Number: Five respondents answered that they were working on SALT applications. The total number of our sample's deployed SALT applications in May 2004 was 0. The total number of deployed SALT applications they expect to have by May 2005 is 42. This is contrasted with VoiceXML deployments in Figure 3.

Figure 3: VoiceXML and SALT deployments (all respondents).

Relative use of VoiceXML and SALT. From our data can we say that 100 percent of the markup based voice applications are VoiceXML this year, or that next year only 4.6 percent will be SALT? No: our sample was self-selecting and drawn from only VoiceXML Forum companies. But there is an interesting thought experiment we can do.

Our respondents included an above average proportion of SALT Forum members: six of 27 identified companies (22.2 percent), relative to the 14.1 percent ratio for the full VoiceXML Forum. What if we looked at just these six plus the four other companies reporting that they were deploying SALT applications? The proportion of SALT applications these SALT-oriented companies are deploying surely should represent an upper bound for the industry as a whole. Figure 4 shows the results for the ten companies that fit the SALT-oriented profile.

Figure 4: VoiceXML and SALT deployments (SALT-oriented respondents).

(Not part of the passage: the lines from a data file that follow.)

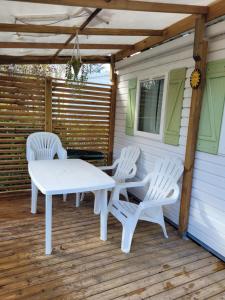 Campings Bungalow cosy pour 6 personnes : photos des chambres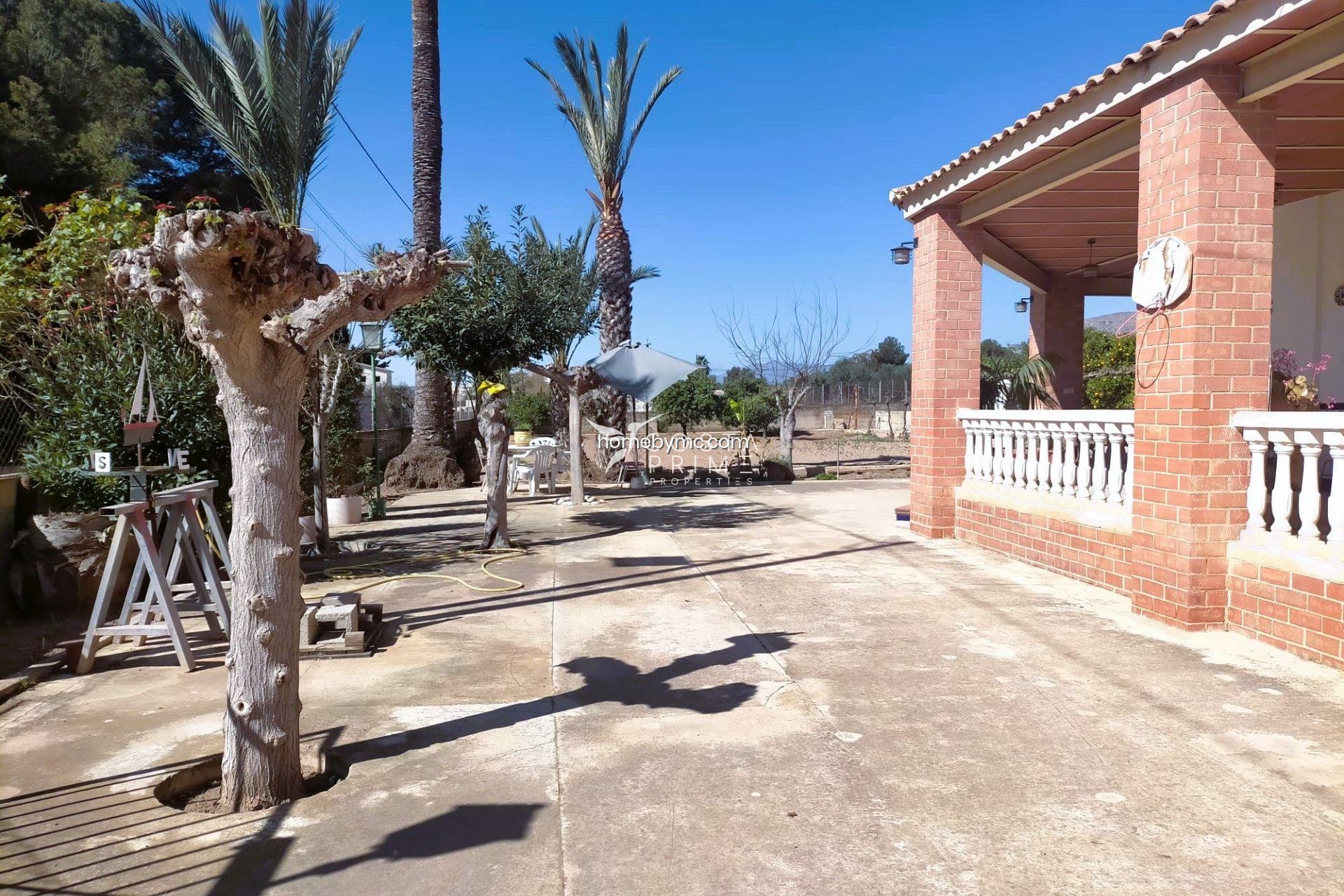 Resale - Villa  - Benidorm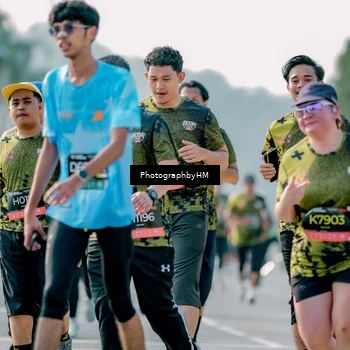 Runner Photo 6500035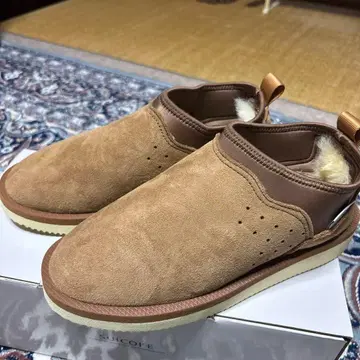 SUICOKE 무스탕 여성용 슬립온 브라운 36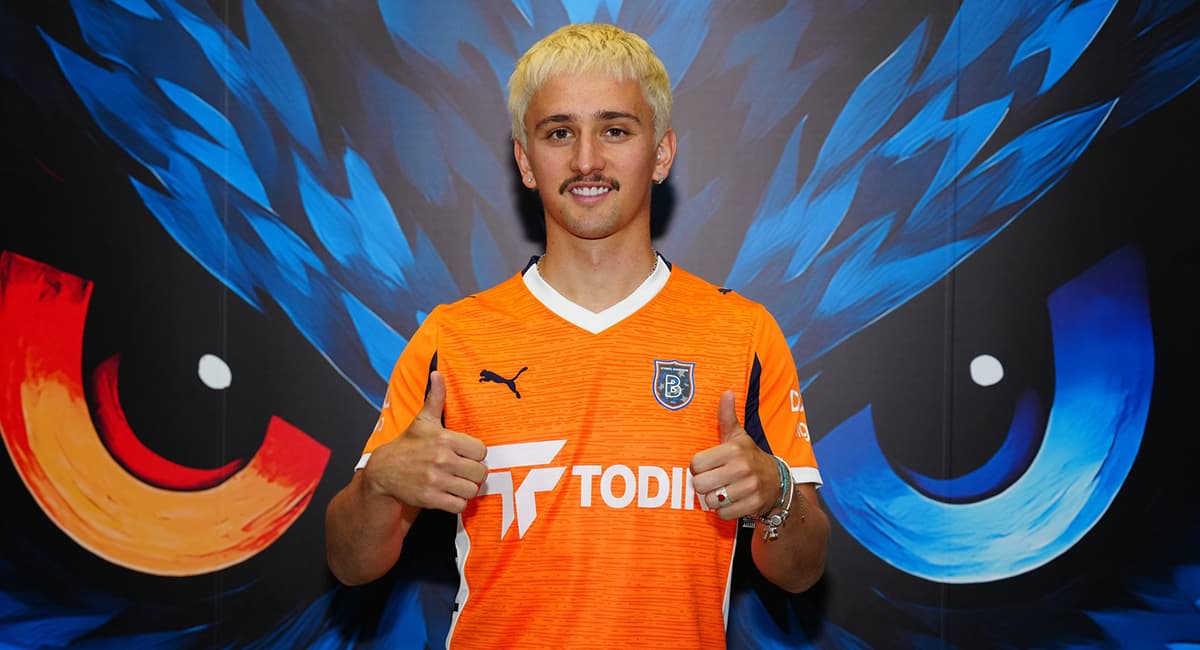 Başakşehir, Polonyalı sol bek Michal Karbownik ile 3 yıllık sözleşme imzaladı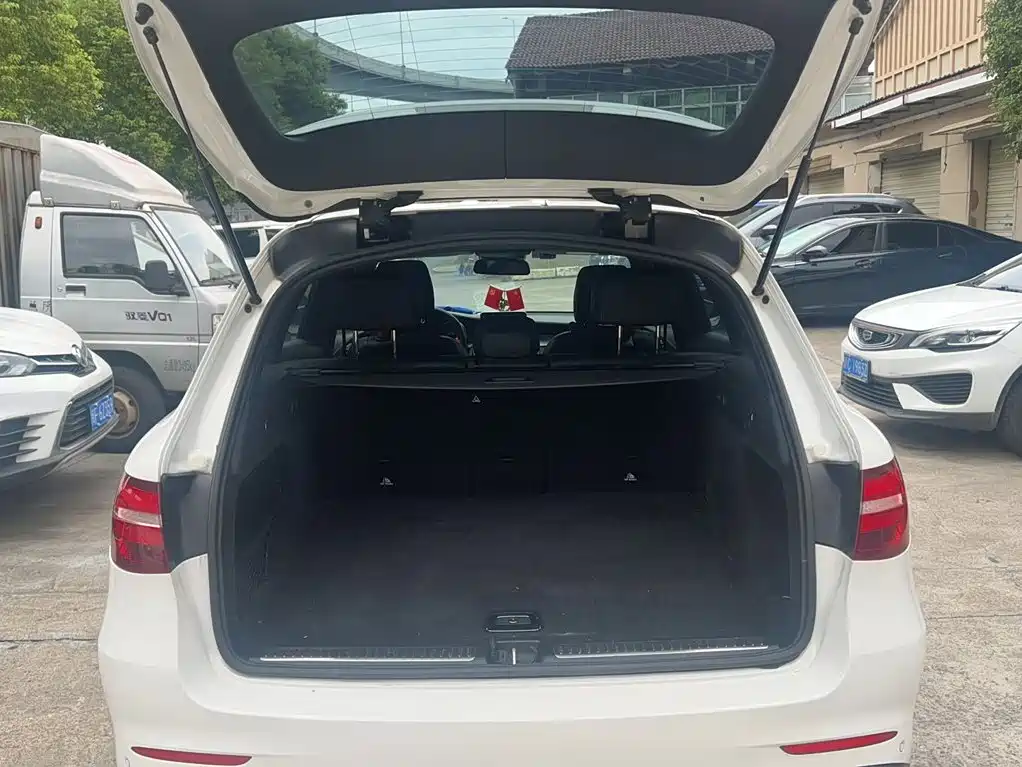 Фото 23 - Mercedes-Benz GLC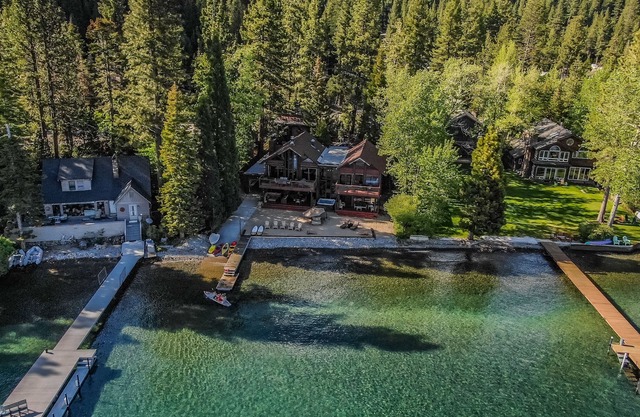 Lake Front Retreat With Your Private Beach & Hot Tub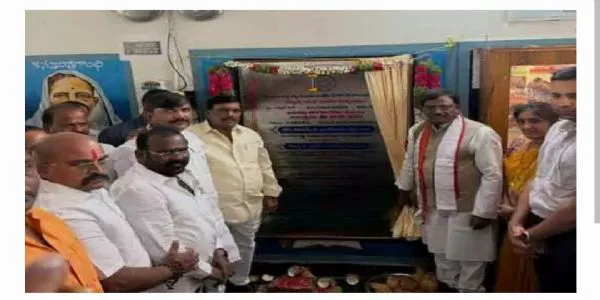 బాలికల విద్యాభివృద్ధికి ప్రభుత్వం ప్రాధాన్యత : మంత్రి గడ్డం వివేక్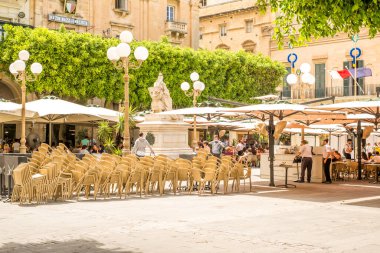Valletta Malta, 18 Temmuz 2019 eski ve yeni modern binalarla Malta 'nın güzel sokaklarını geziyor.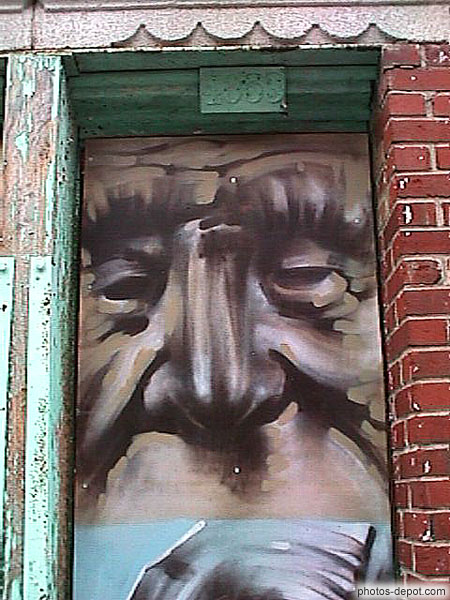 photo de visage passif peint sur porte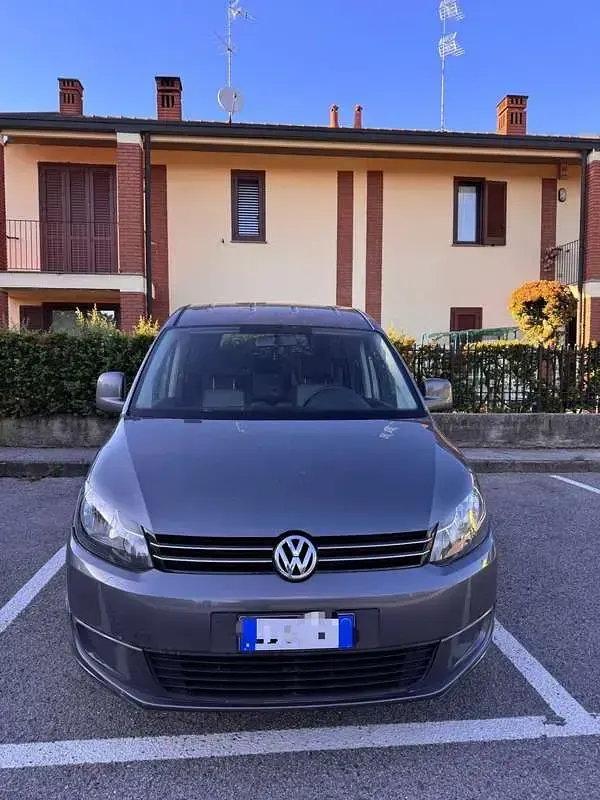 Käytetty VW Caddy 102 HP (75 kW) 2012 Tila-auto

The data shows that, remarkably, even the companies most interested in SALT will deploy fully 91.1 percent of their applications in VoiceXML next year, and only 8.9 percent in SALT. Clearly there is no great fragmentation happening in the voice industry, and the signs are that VoiceXML will continue to dominate it.

Strengths and Weaknesses of VoiceXML 2.0

Our next series of questions tried to tease out what features our membership would like to see in VoiceXML "V3". These were used to prepare a short position paper we are forwarding to the W3C.

Strengths of VoiceXML 2.0. When asked an open-ended question about VoiceXML 2.0's strengths, our respondents had these comments. (We present only those comments mentioned by two or more companies.)

VoiceXML 2.0 is an open widely accepted W3C standard; standardization means low costs, strong core technology, platform independence, no vendor lock-in, broad developer community. [17 companies]
It is simple, easy to use, natural, easy to develop complex applications. [15]
It uses the web paradigm: internet infrastructure, separation of logic and presentation, ease of deployment, [10]
High portability. [5]
It results in rapid implementation, can be used for rapid prototyping. [4]
Powerful. [4]
Allows switching between ASR and TTS systems. [3]
Short and concise dialog flow, FIA. [2]
Flexible. [2]
Supports ECMAScript. [2]

Weakness of VoiceXML 2.0. When asked an open-ended question about VoiceXML 2.0's weaknesses, our respondents had various comments. (We leave in comments from only one company, as they may prompt change requests for VoiceXML "V3").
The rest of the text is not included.